TASK DIRECTIONS
Only the lines from the one with "Load image into" through the end of the material are wanted, copied exactly and with the pictures left out.
Top of DATA BELOW
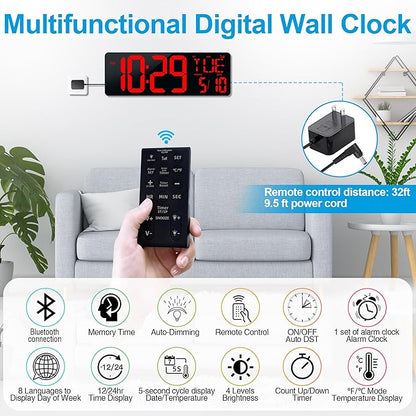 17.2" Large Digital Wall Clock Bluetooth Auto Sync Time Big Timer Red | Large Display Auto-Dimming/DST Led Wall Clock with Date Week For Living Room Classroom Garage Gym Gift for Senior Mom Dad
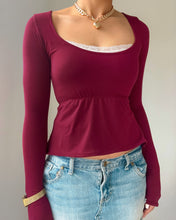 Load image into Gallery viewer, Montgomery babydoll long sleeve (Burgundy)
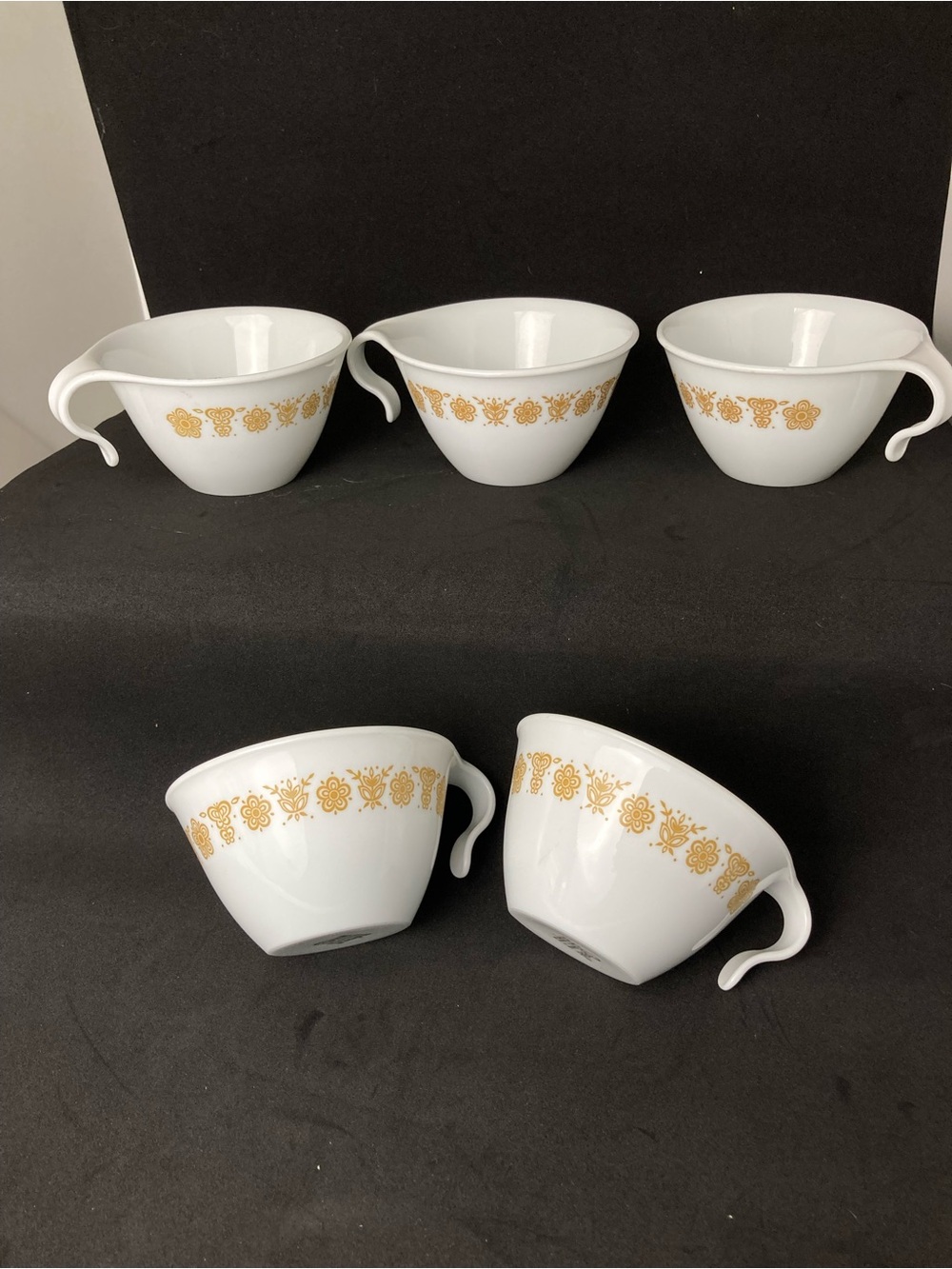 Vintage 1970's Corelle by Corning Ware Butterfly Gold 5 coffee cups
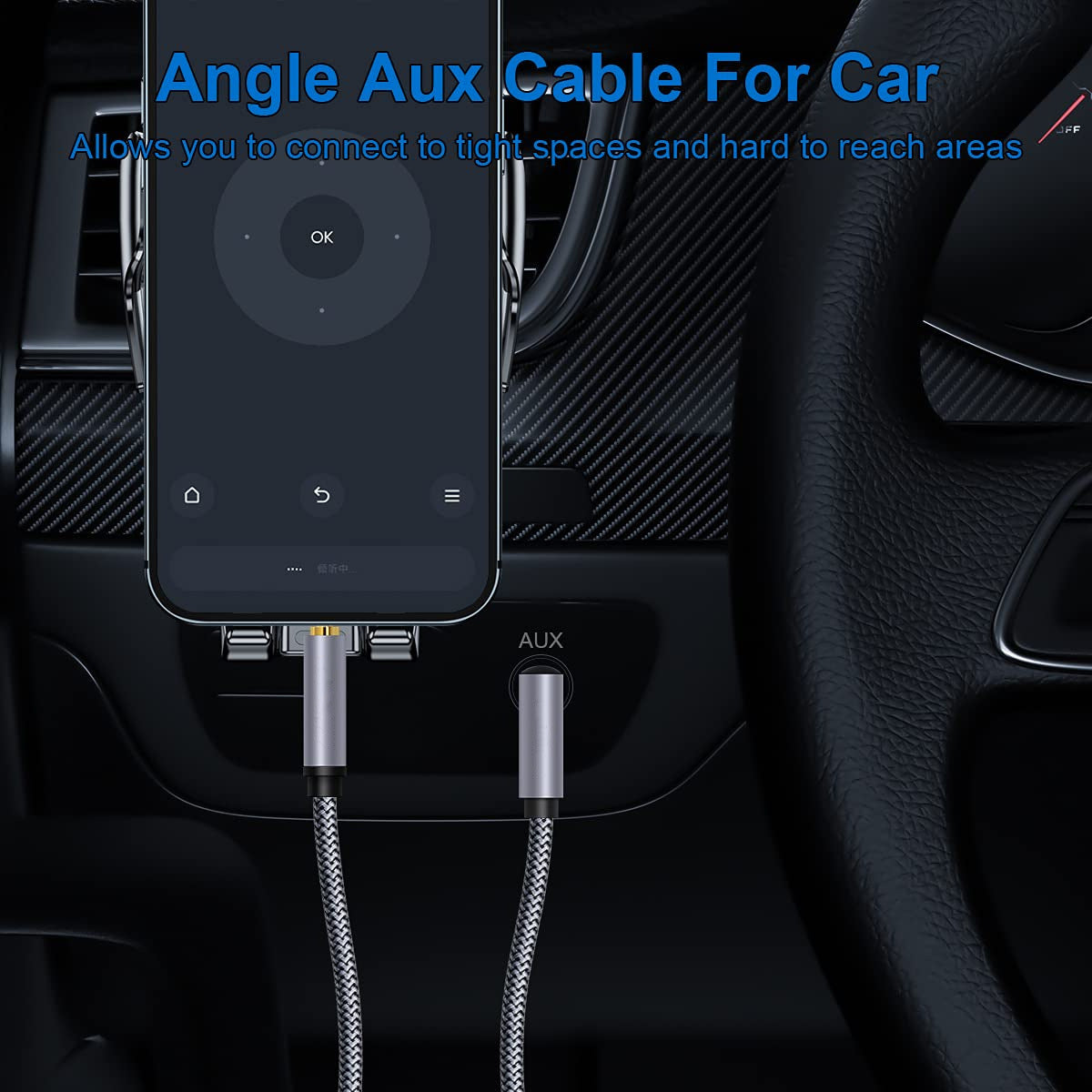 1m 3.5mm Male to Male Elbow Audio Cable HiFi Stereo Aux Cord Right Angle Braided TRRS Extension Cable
Bottom of DATA BELOW
ANSWER TO THE EXERCISE
 Load image into Gallery viewer, Montgomery babydoll long sleeve (Burgundy)
 Vintage 1970's Corelle by Corning Ware Butterfly Gold 5 coffee cups
 1m 3.5mm Male to Male Elbow Audio Cable HiFi Stereo Aux Cord Right Angle Braided TRRS Extension Cable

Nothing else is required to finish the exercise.